Asimov’s for January 2014
The issue’s lead is a novelette: “Memorials” by Aliette de Bodard. Anticolonial theme, part of a series of stories sharing a setting. Addresses some of the ideas in Leah Cypress’s “What We Ourselves Are Not,” in the September 2013 issue: you’ve got your dispossessed people struggling to retain their cultural distinction, and you’ve got your memorial created from memories of the people but developed by outsiders. The issue is still cultural appropriation, but the metaphors are a little less literal: xoxing the recently deceased and putting them into, or not putting them into, virtual worlds. The story walks around the issue, kicks the tires, and lands in about the same place, ultimately, though the personal drama was well-handled and the stakes higher than teenage pique. Good pacing for a novelette; it felt shorter than it was.
Ian McHugh’s short story “Extracted Journal Notes for an Ethnography of Bnebene Nomad Culture” takes the form of, as its title suggests, diary entries by an anthropologist engaged in an ethnographic study of aliens. These impressively alien aliens possess genders and cultural identities not matching anything human, the details of which must be inferred from limited data. The story presents a puzzle I’m not sure I understood the answer to, but I found the level of specificity and detail impressive. Anybody who can break down the nature of Irene’s discovery and the ramifications of the events of the story’s conclusion, let me know! Leave a comment! I don’t think I quite got it.

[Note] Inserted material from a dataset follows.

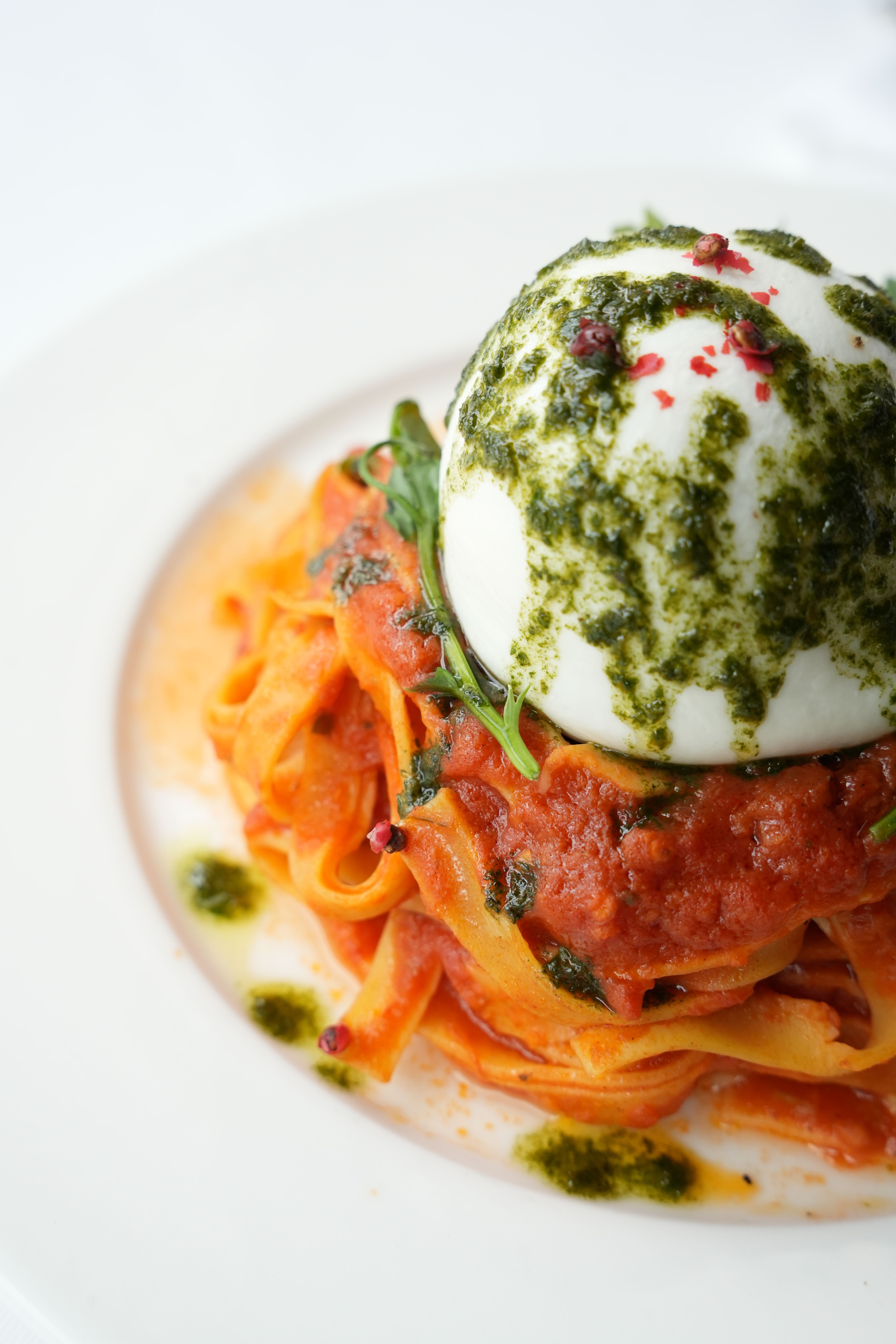 A gourmet burrata cheese atop fresh tomato pasta with pesto sauce.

The author of “Static,” William Jablonsky, broke it up into a series of short vignettes, timeskips over the course of a single night; structurally it’s thus similar to last issue’s “Bloom” although the theme couldn’t be more different. During a mysterious space event (no doubt an ionic disturbance in the vicinity of the Van Allen belt) a couple with an infant son start getting phone calls from forwards, backwards, and possibly sideways in time. I enjoyed the unfolding of what was happening, and what it implied about the infant son, but the ending wrapped up everything a little too pat for my tastes; I would have preferred not knowing who Chloe was.

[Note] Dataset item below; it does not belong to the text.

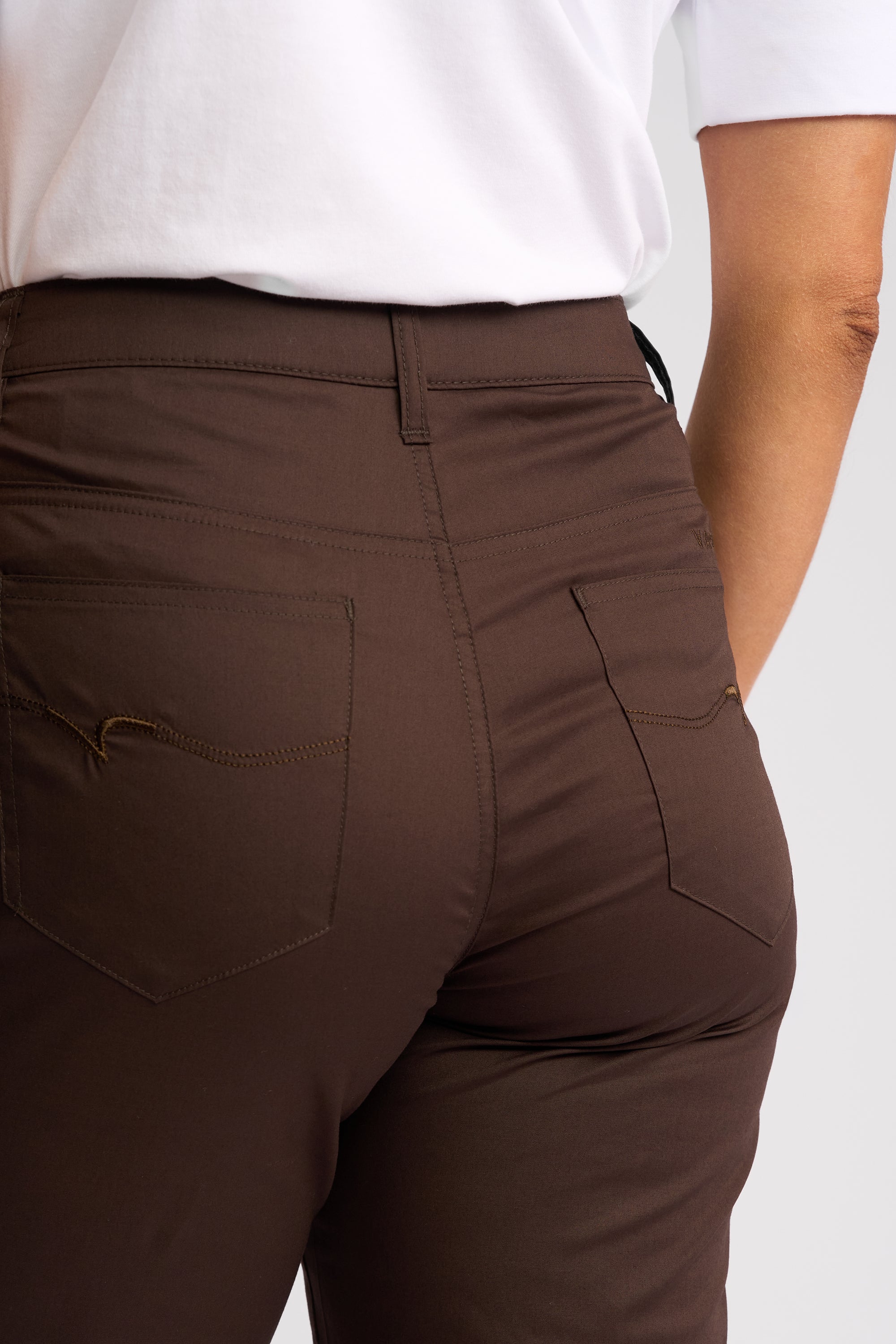 Close-up back view of a person wearing dark brown tailored pants with a white top, showing the back pockets and waistband.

Like the two stories before it, Ron Collins’s novelette “Primes” has a disjointed feel, with time skipping forwards in a series of short vignettes. However it’s a very different feel, hardboiled in the style of detective stories. There are a million stories in the naked city, and this one is about a man hacking the push-marketing feed that everybody’s got implanted in their brains in order to rape women and feel like a big man. It may be a fine example of the form, but hardboiled isn’t a style that I’m into; this is one I didn’t care for. Not saying it didn’t do what it set out to do well.

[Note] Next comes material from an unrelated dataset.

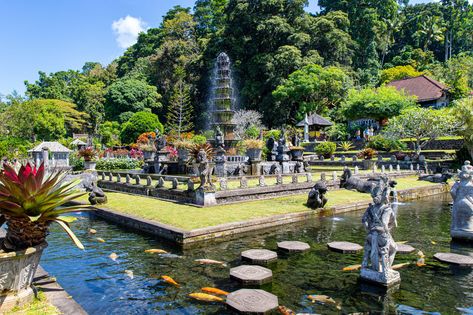 tirta gangga, Bali water palace, what to do in Bali, things to do in east bali, destination in east bali, where to feed fish in bali, koi fish bali, big lily pads bali, temples in bali, sights in bali, tourist destinations in bali Tirta Gangga Bali, Bali Temples, East Bali, Tirta Gangga, Bali Tourist, Koi Fishes, Adventure Bucket List, Deco Art, Travel Beauty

On the other hand, “The Carl Paradox” by Steve Rasnic Tem does stuff I’m big into: time travel and paradoxes. It’s your classic structure: man goes back in time to warn younger self of poor life choices, new iteration of man from newly-created future shows up to warn first two versions of man about a whole different batch of poor life choices, and so on until it’s like the stateroom scene from A Night at the Opera, there are so many Carls in there. Maybe it’s because I hold time travelley, paradoxy stories to a higher standard, but this one felt like something out of Year’s Best Science Fiction 1961; it lacked the freshness I’ve come to expect of an Asimov’s.
Finally, Nancy Kress’s novelette “the Common Good” rounds out the issue. Fifty-six years after aliens pretty much end civilization, humanity slowly rebuilds with the aid of those same aliens. Apparently. The protagonist, a backwoods bumpkin, doesn’t understand much of the world around him, and much of what he sees is ambiguous, confusing, or contradictory. This isn’t a knock on the story, which is maybe my favorite of the issue; Zed’s growing understanding forms its arc, and the reader is placed very effectively into his shoes. What constitutes the greater good?
Looking over what I’ve written here, I may sound overly negative. So let me be clear: I enjoyed reading all of the stories with the exception of “Primes,” and I didn’t enjoy “Primes” because it isn’t my cup of tea, not because it was badly done.